The safeguard of and public interest in, as my noble friend Lord Thomas of Gresford put it, legal professional privilege is something that I feel particularly strongly about as a lawyer, although I have never had to get my feet wet in the cause of it. As we are all potential clients, it was predictable that it would receive a lot of attention today, and it will receive a lot in the following stages of the Bill. By some distance, we have not yet dealt with the issues of what my noble friend Lord Lester called the potentially chilling effect.
Similarly, as a politician and a citizen, I am concerned about safeguards for journalists and journalistic material. That may be the definition to pursue, but I acknowledge that there are difficulties around definitions. Journalists’ work may not all be in the public interest but much of it is, and there is a clear public interest in protecting journalistic sources. There will be a number of issues to cover, particularly internet connection records, from the point of view of service providers as well as the public.

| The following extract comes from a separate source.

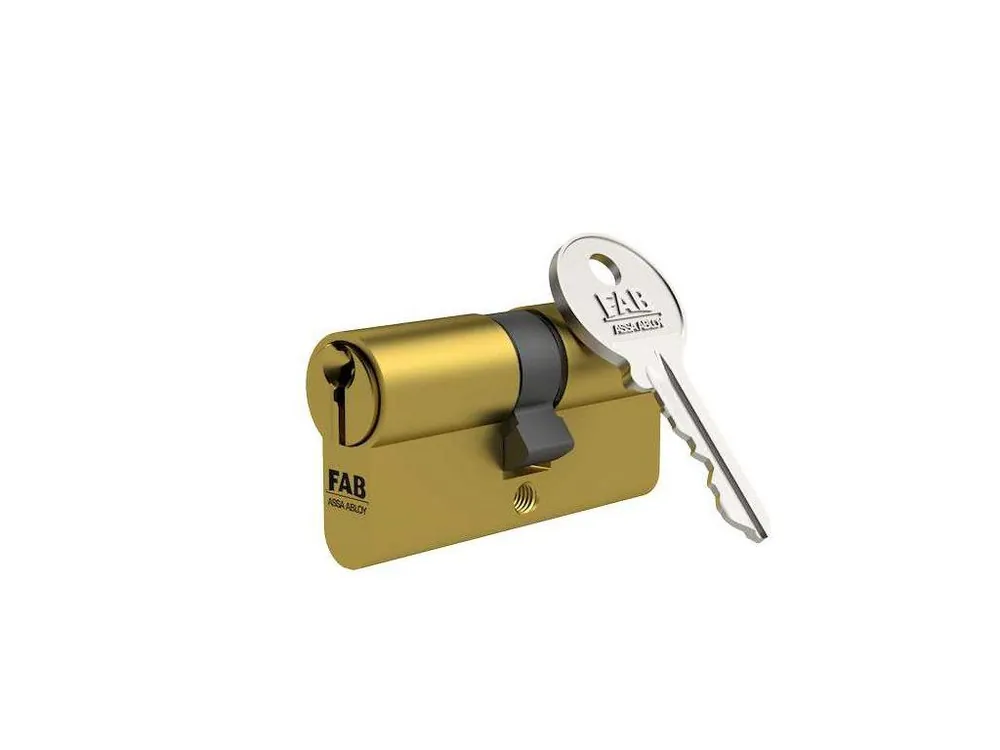 1.00/D 30+35 3KL.cylindrická vložka MOSAZ (50)* Nejlepší Volba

The noble Baroness, Lady Neville-Jones, referred to the intelligent and constructive engagement of the providers, and they still have significant concerns. I was interested in the points they made in briefings about extraterritoriality and the international regime, or lack of it.
And we will have the review of bulk powers, which, as the Minister says, will become more important than ever. The terms of reference for the review make it a matter for the Prime Minister as to whether the review is published. I think it would go against the spirit of the review if it were not. Tributes have been made, and rightly so, to David Anderson. I wonder, who would be David Anderson? What a responsibility we place on his shoulders. It is not for us to comment on Commons procedures, but Members of the House of Commons will not have a chance to propose amendments to the Bill in response to the review of bulk powers unless we amend it and give them that chance.
When the draft Bill was published, I worried that I was not sufficiently worried. Over the years, talking on the phone to a friend whose work has been closer to the security world than mine has ever been, we have joked about some odd interruptions and noises and said things like, “I hope whoever’s listening finds this interesting”. However, when I realised that the regime extends from what I do to who I am—my legal secrets, as my noble friend Lord Macdonald put it—my concerns fell into place. My noble friend Lord Carlile’s phrase “the legitimacy of use” is very helpful here. As I say, we will focus on internet connection records.
I said that our task is about achieving privacy and security. The next few months will be turbulent politically. Where we will end up, who knows? This certainly suggests to me that perhaps we should not wait five years for a review of the Act that this will become. Whatever the turbulence—or “disarray”, which was the rather more polite term used by the noble Baroness, Lady O’Neill—we must not be diverted from the task in “the age of anxiety”, in the phrase of the noble Lord, Lord Hennessy, and, in that of the noble Baroness, Lady Harding, in the “civilised digital world”. It is an important task.